___ Raw data ___
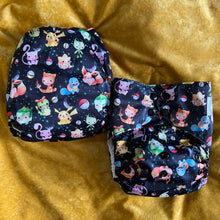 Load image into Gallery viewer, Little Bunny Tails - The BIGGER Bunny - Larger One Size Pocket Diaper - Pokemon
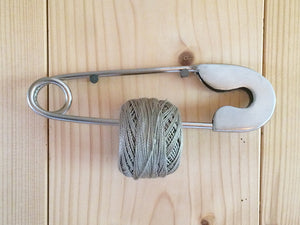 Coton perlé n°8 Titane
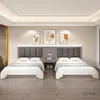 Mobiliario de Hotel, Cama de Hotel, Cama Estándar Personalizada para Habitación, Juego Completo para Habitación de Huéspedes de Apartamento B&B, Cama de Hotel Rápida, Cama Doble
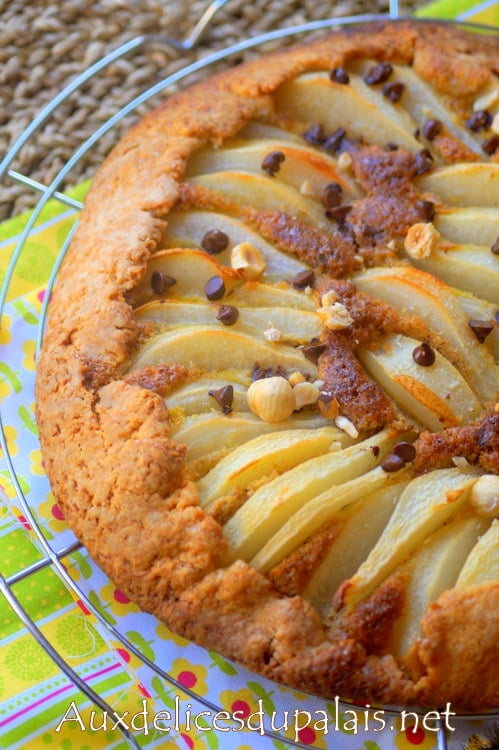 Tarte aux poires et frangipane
___
___ Raw data ___
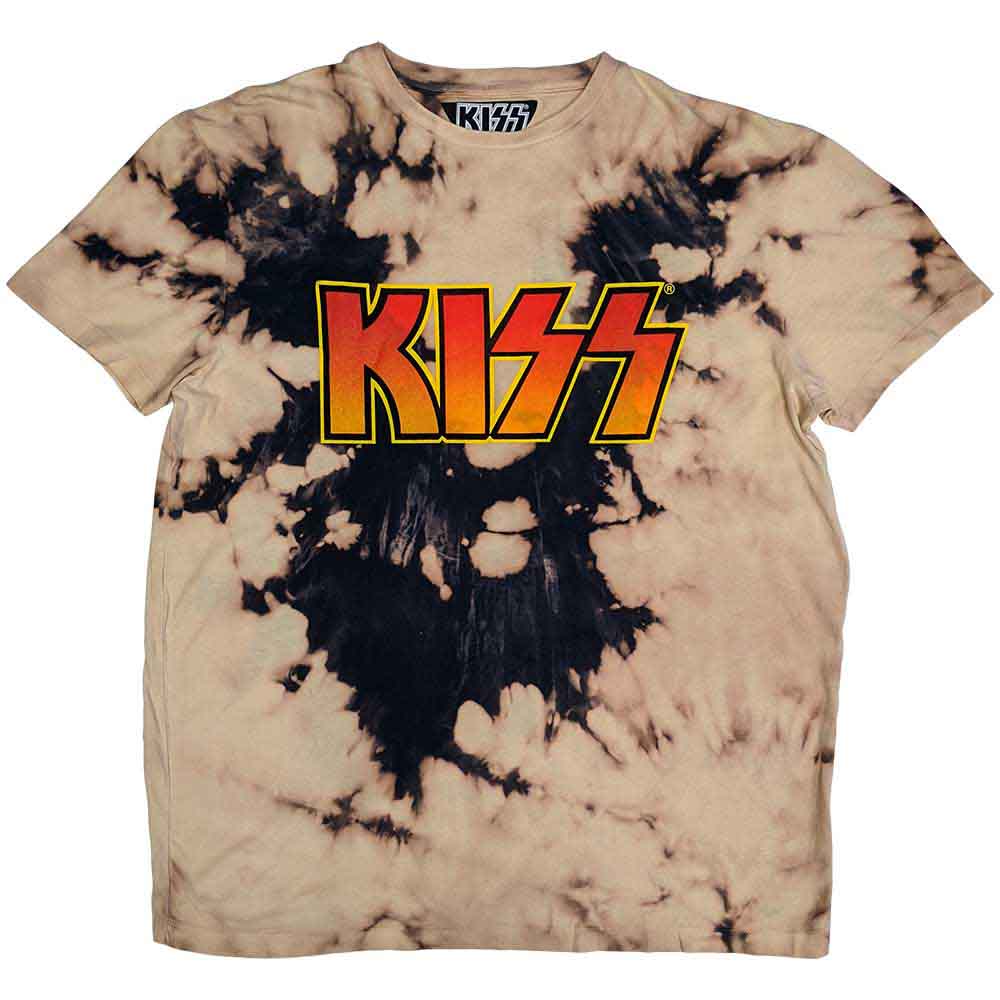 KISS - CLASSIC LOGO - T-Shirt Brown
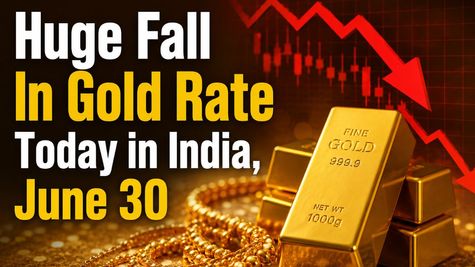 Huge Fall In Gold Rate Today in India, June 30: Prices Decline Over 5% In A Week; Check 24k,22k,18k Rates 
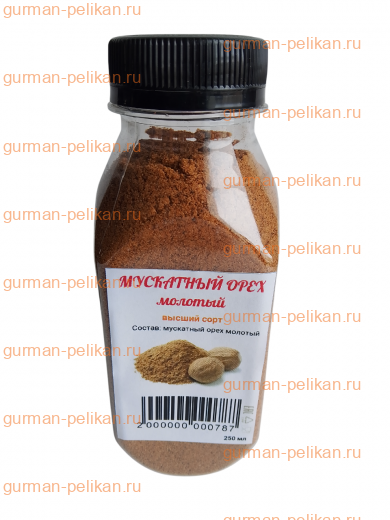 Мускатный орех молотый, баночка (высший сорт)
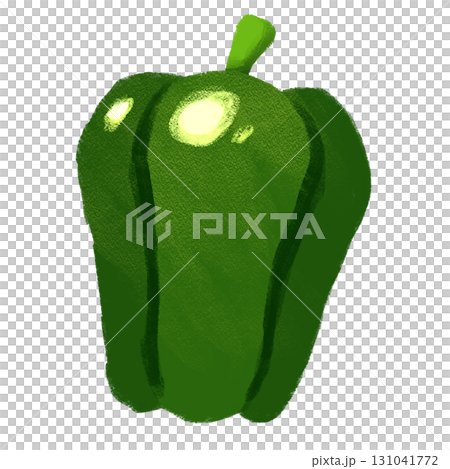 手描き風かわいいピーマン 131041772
___
___ Raw data ___
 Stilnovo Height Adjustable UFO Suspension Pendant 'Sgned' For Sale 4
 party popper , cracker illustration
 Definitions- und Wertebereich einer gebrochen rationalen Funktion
___
Give back exactly, and solely, the section of the data above bounded by the line containing "Load image into" and the line containing "Tarte aux poires et frangipane", both bounding lines included and pictures omitted.

 Load image into Gallery viewer, Little Bunny Tails - The BIGGER Bunny - Larger One Size Pocket Diaper - Pokemon
 Coton perlé n°8 Titane
 Mobiliario de Hotel, Cama de Hotel, Cama Estándar Personalizada para Habitación, Juego Completo para Habitación de Huéspedes de Apartamento B&B, Cama de Hotel Rápida, Cama Doble
 Tarte aux poires et frangipane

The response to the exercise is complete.